## WHAT TO PRODUCE
The following data has a line with "Crew Clothing Womens" and a line with "Heath, Ohio City". Write out exactly those lines and all the lines between them.

## DATA FOR THIS TASK
[Start of Attachment]
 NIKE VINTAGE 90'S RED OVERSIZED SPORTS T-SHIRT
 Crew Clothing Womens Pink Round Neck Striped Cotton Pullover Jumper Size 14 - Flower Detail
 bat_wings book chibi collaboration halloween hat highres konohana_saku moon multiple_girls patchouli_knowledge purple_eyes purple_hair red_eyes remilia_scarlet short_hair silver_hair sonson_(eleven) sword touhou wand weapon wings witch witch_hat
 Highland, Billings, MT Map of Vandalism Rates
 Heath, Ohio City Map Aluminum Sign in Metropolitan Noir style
[End of Attachment]
[Start of Attachment]
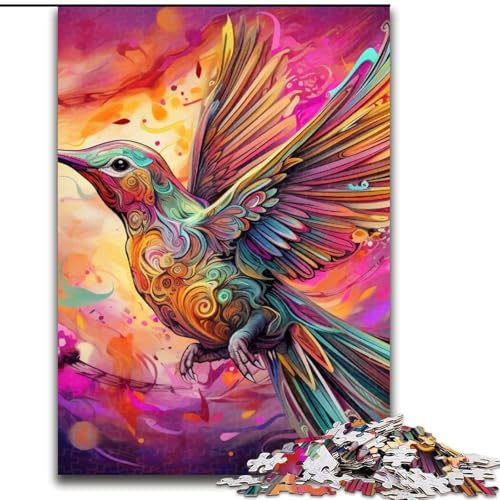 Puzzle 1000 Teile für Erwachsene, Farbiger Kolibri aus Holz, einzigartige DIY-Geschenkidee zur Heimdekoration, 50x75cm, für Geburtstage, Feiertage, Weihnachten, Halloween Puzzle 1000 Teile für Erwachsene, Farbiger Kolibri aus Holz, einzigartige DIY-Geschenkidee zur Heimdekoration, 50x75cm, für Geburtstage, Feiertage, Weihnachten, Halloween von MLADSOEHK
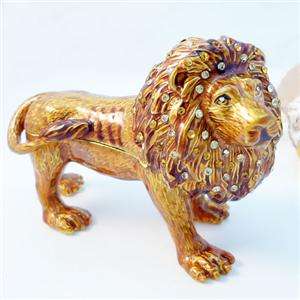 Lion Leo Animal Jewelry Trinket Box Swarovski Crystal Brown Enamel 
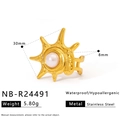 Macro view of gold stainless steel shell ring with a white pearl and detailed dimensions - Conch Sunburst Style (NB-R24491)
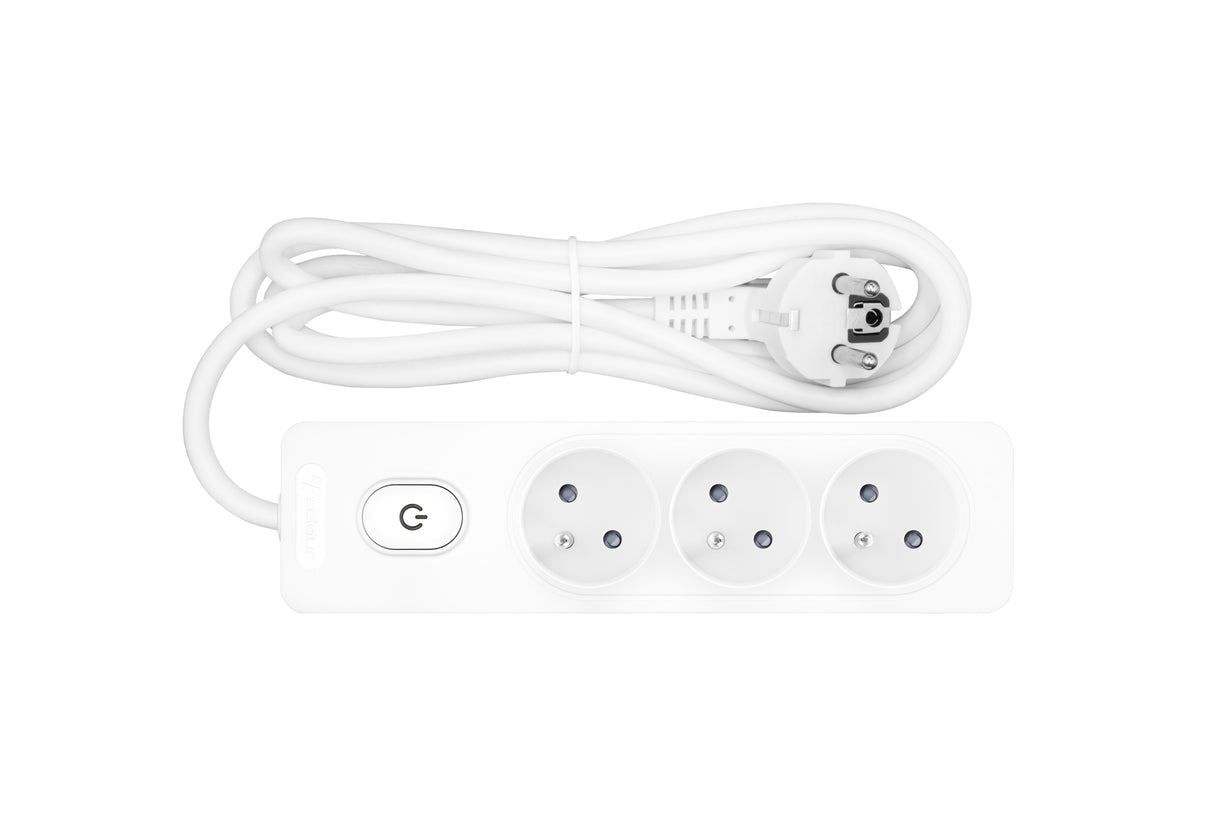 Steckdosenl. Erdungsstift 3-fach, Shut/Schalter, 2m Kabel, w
[End of Attachment]
## THE COMPLETED TASK
 Crew Clothing Womens Pink Round Neck Striped Cotton Pullover Jumper Size 14 - Flower Detail
 bat_wings book chibi collaboration halloween hat highres konohana_saku moon multiple_girls patchouli_knowledge purple_eyes purple_hair red_eyes remilia_scarlet short_hair silver_hair sonson_(eleven) sword touhou wand weapon wings witch witch_hat
 Highland, Billings, MT Map of Vandalism Rates
 Heath, Ohio City Map Aluminum Sign in Metropolitan Noir style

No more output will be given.